AdapterGNN: Parameter-Efficient Fine-Tuning Improves Generalization in
GNNs
- URL: http://arxiv.org/abs/2304.09595v2
- Date: Mon, 11 Dec 2023 06:06:31 GMT
- Title: AdapterGNN: Parameter-Efficient Fine-Tuning Improves Generalization in
GNNs
- Authors: Shengrui Li, Xueting Han, Jing Bai
- Abstract summary: We present a comprehensive comparison of PEFT techniques for graph neural networks (GNNs)
We propose a novel PEFT method specifically designed for GNNs, called AdapterGNN.

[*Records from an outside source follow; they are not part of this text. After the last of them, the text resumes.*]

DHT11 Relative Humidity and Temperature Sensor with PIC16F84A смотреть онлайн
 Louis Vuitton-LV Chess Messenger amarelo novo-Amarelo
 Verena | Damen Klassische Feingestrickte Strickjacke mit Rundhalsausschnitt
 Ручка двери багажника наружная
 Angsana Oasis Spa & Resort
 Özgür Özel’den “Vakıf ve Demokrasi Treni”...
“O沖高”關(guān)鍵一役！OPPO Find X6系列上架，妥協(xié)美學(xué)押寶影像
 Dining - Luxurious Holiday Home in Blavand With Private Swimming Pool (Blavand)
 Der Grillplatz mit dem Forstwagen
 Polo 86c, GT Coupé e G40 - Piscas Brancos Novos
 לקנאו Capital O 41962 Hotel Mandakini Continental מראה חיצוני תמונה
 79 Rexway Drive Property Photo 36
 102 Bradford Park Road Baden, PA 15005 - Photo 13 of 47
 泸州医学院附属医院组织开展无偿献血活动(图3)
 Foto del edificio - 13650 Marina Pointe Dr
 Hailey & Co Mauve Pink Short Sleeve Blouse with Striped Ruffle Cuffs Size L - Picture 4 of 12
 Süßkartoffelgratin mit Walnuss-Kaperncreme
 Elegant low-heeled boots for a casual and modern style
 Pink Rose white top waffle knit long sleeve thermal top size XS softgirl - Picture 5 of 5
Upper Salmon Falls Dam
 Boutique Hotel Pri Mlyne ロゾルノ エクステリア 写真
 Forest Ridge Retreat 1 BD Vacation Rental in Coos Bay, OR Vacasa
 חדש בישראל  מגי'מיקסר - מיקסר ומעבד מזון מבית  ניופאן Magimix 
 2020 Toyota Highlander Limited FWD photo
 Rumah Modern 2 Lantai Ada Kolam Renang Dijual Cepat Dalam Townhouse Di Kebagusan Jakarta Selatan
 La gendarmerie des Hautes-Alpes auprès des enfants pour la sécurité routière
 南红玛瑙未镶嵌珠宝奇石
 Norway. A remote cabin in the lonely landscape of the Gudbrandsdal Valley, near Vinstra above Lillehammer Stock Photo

We show that AdapterGNN achieves higher performance than other PEFT methods and is the only one consistently surpassing full fine-tuning.
- Score: 2.69499085779099
- License: http://arxiv.org/licenses/nonexclusive-distrib/1.0/
- Abstract: Fine-tuning pre-trained models has recently yielded remarkable performance
gains in graph neural networks (GNNs). In addition to pre-training techniques,
inspired by the latest work in the natural language fields, more recent work
has shifted towards applying effective fine-tuning approaches, such as
parameter-efficient fine-tuning (PEFT). However, given the substantial
differences between GNNs and transformer-based models, applying such approaches
directly to GNNs proved to be less effective. In this paper, we present a
comprehensive comparison of PEFT techniques for GNNs and propose a novel PEFT
method specifically designed for GNNs, called AdapterGNN. AdapterGNN preserves
the knowledge of the large pre-trained model and leverages highly expressive
adapters for GNNs, which can adapt to downstream tasks effectively with only a
few parameters, while also improving the model's generalization ability.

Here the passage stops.